Segment Start: DATA EXCERPTS

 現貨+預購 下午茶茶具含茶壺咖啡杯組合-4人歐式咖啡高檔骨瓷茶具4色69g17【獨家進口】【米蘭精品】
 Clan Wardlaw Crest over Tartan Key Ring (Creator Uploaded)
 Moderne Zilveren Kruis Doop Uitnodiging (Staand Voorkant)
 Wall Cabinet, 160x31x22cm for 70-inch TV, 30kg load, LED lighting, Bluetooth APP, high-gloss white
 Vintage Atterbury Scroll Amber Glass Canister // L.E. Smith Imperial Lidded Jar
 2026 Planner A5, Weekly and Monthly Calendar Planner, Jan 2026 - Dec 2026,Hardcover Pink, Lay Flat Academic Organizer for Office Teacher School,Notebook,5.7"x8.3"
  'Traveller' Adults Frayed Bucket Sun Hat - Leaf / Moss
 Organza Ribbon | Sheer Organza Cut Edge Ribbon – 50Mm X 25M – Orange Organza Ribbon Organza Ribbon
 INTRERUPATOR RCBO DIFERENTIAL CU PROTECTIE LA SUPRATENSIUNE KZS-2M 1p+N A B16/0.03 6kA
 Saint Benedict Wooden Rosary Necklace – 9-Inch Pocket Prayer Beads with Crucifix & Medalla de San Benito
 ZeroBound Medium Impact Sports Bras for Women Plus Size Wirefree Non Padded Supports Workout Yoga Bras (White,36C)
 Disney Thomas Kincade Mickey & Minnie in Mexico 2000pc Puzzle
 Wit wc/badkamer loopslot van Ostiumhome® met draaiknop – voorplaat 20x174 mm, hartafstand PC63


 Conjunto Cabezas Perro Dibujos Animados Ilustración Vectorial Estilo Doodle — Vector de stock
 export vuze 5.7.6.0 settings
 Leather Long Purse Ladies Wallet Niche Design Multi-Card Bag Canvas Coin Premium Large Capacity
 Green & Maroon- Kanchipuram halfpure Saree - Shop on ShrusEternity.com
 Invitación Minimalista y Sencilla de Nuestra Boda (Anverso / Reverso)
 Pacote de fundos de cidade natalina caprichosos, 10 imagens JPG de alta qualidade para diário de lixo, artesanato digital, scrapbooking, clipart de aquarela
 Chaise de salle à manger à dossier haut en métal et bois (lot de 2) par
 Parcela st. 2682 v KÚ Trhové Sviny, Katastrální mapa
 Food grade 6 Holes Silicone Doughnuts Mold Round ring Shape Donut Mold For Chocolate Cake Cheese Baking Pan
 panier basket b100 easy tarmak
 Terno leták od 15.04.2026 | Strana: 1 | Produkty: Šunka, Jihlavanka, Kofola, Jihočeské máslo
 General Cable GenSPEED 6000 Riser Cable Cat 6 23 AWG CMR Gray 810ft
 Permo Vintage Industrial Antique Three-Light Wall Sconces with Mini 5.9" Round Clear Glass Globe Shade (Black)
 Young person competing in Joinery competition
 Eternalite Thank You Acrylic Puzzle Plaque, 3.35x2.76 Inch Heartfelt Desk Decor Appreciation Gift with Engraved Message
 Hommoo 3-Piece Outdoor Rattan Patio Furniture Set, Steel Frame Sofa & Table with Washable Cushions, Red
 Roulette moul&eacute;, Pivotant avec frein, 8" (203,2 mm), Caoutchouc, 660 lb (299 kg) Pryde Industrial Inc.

Segment End: DATA EXCERPTS

■ EXERCISE: Reproduce exactly every line that sits between the start of the entries and the line bearing "General Cable GenSPEED", counting both of those lines.

■ EXERCISE ANSWER:
 現貨+預購 下午茶茶具含茶壺咖啡杯組合-4人歐式咖啡高檔骨瓷茶具4色69g17【獨家進口】【米蘭精品】
 Clan Wardlaw Crest over Tartan Key Ring (Creator Uploaded)
 Moderne Zilveren Kruis Doop Uitnodiging (Staand Voorkant)
 Wall Cabinet, 160x31x22cm for 70-inch TV, 30kg load, LED lighting, Bluetooth APP, high-gloss white
 Vintage Atterbury Scroll Amber Glass Canister // L.E. Smith Imperial Lidded Jar
 2026 Planner A5, Weekly and Monthly Calendar Planner, Jan 2026 - Dec 2026,Hardcover Pink, Lay Flat Academic Organizer for Office Teacher School,Notebook,5.7"x8.3"
  'Traveller' Adults Frayed Bucket Sun Hat - Leaf / Moss
 Organza Ribbon | Sheer Organza Cut Edge Ribbon – 50Mm X 25M – Orange Organza Ribbon Organza Ribbon
 INTRERUPATOR RCBO DIFERENTIAL CU PROTECTIE LA SUPRATENSIUNE KZS-2M 1p+N A B16/0.03 6kA
 Saint Benedict Wooden Rosary Necklace – 9-Inch Pocket Prayer Beads with Crucifix & Medalla de San Benito
 ZeroBound Medium Impact Sports Bras for Women Plus Size Wirefree Non Padded Supports Workout Yoga Bras (White,36C)
 Disney Thomas Kincade Mickey & Minnie in Mexico 2000pc Puzzle
 Wit wc/badkamer loopslot van Ostiumhome® met draaiknop – voorplaat 20x174 mm, hartafstand PC63


 Conjunto Cabezas Perro Dibujos Animados Ilustración Vectorial Estilo Doodle — Vector de stock
 export vuze 5.7.6.0 settings
 Leather Long Purse Ladies Wallet Niche Design Multi-Card Bag Canvas Coin Premium Large Capacity
 Green & Maroon- Kanchipuram halfpure Saree - Shop on ShrusEternity.com
 Invitación Minimalista y Sencilla de Nuestra Boda (Anverso / Reverso)
 Pacote de fundos de cidade natalina caprichosos, 10 imagens JPG de alta qualidade para diário de lixo, artesanato digital, scrapbooking, clipart de aquarela
 Chaise de salle à manger à dossier haut en métal et bois (lot de 2) par
 Parcela st. 2682 v KÚ Trhové Sviny, Katastrální mapa
 Food grade 6 Holes Silicone Doughnuts Mold Round ring Shape Donut Mold For Chocolate Cake Cheese Baking Pan
 panier basket b100 easy tarmak
 Terno leták od 15.04.2026 | Strana: 1 | Produkty: Šunka, Jihlavanka, Kofola, Jihočeské máslo
 General Cable GenSPEED 6000 Riser Cable Cat 6 23 AWG CMR Gray 810ft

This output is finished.